# WHAT IS BEING ASKED
Reproduce nothing beyond the line containing "Again I am telling". From the first line of the data below down to it, copy each line exactly, without the pictures.

# SOURCE MATERIAL
┌──
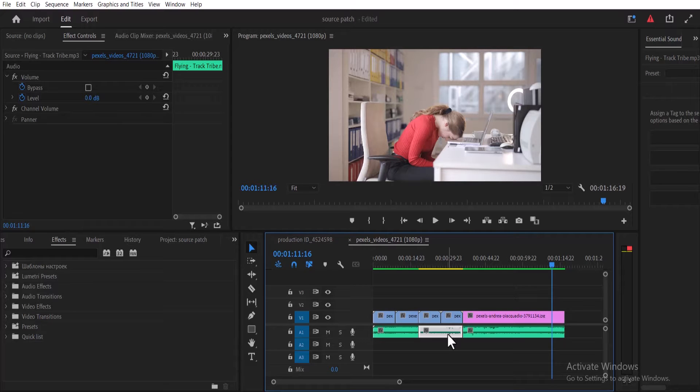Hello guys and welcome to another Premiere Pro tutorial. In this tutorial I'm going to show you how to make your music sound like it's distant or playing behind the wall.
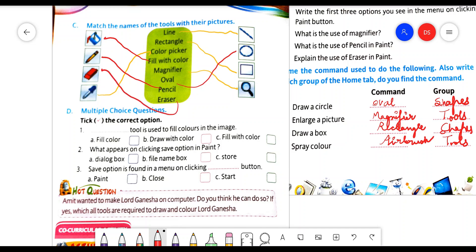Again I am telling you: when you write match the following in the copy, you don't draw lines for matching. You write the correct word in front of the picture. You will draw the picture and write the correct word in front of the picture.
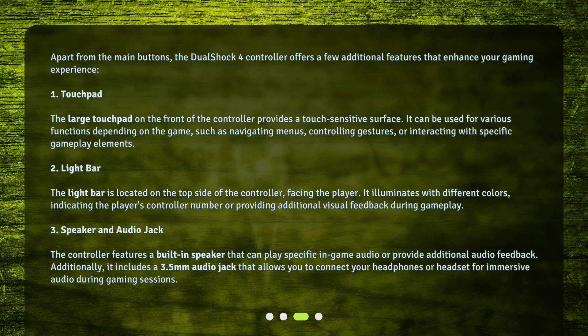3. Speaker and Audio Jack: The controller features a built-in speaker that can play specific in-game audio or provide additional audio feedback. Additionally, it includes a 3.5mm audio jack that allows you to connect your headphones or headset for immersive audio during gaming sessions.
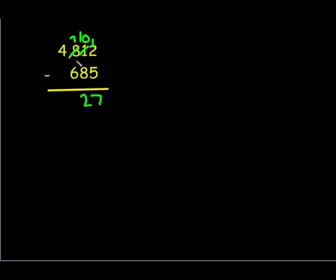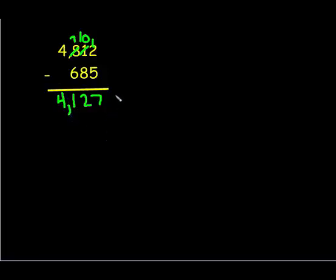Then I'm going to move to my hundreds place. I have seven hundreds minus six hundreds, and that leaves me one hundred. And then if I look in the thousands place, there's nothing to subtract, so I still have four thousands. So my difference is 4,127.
└──
# RESPONSE BOX
Hello guys and welcome to another Premiere Pro tutorial. In this tutorial I'm going to show you how to make your music sound like it's distant or playing behind the wall.
Again I am telling you: when you write match the following in the copy, you don't draw lines for matching. You write the correct word in front of the picture. You will draw the picture and write the correct word in front of the picture.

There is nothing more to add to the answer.